§ EXERCISE DATA
▬▬▬
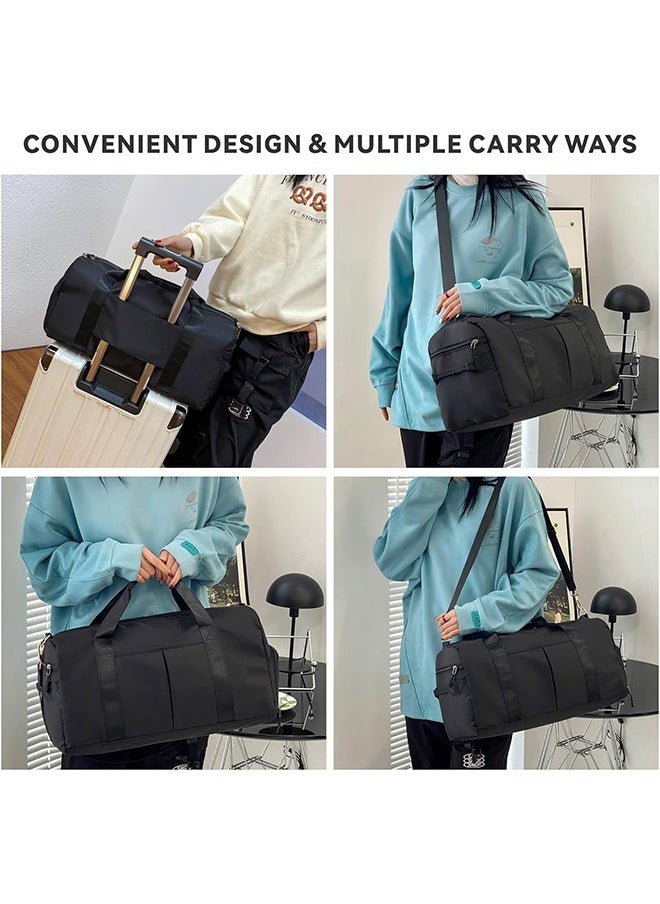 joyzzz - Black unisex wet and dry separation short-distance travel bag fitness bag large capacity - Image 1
▬▬▬
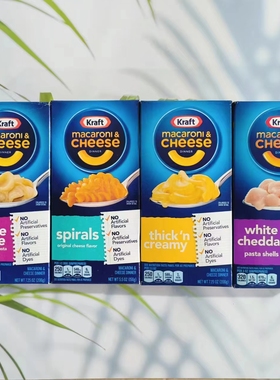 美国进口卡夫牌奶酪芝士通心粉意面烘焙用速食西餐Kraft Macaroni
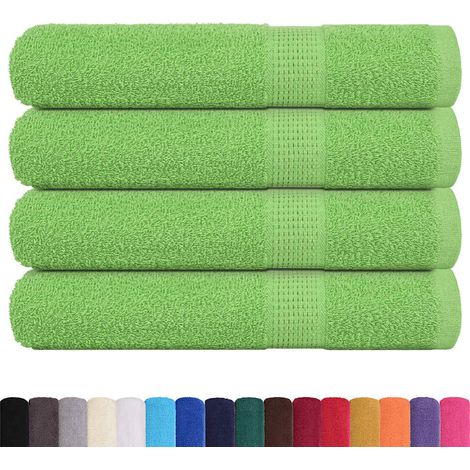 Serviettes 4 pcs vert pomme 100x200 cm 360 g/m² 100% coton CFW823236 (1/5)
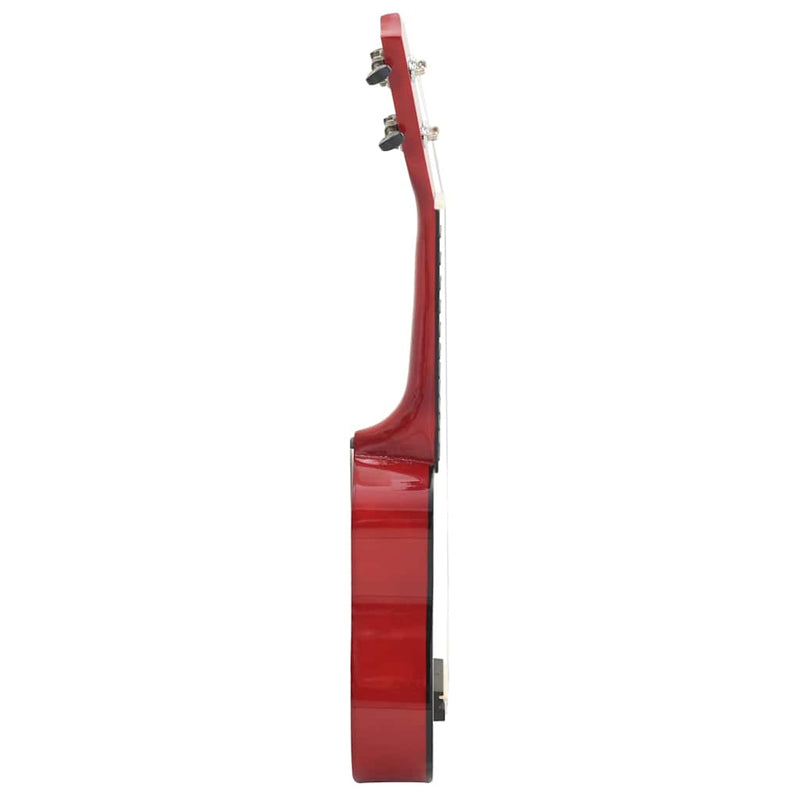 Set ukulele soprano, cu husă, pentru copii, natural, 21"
▬▬▬
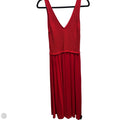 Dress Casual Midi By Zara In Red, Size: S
▬▬▬
§ WORK INSTRUCTION
From the entries above, copy exactly the lines starting at the one with "美国进口卡夫牌奶酪芝士通心粉意面烘焙用速食西餐Kraft Macaroni" and stopping at the one with "Set ukulele soprano, cu", keeping both ends. Drop the pictures.

§ RESULT OF THIS TASK
 美国进口卡夫牌奶酪芝士通心粉意面烘焙用速食西餐Kraft Macaroni
 Serviettes 4 pcs vert pomme 100x200 cm 360 g/m² 100% coton CFW823236 (1/5)
 Set ukulele soprano, cu husă, pentru copii, natural, 21"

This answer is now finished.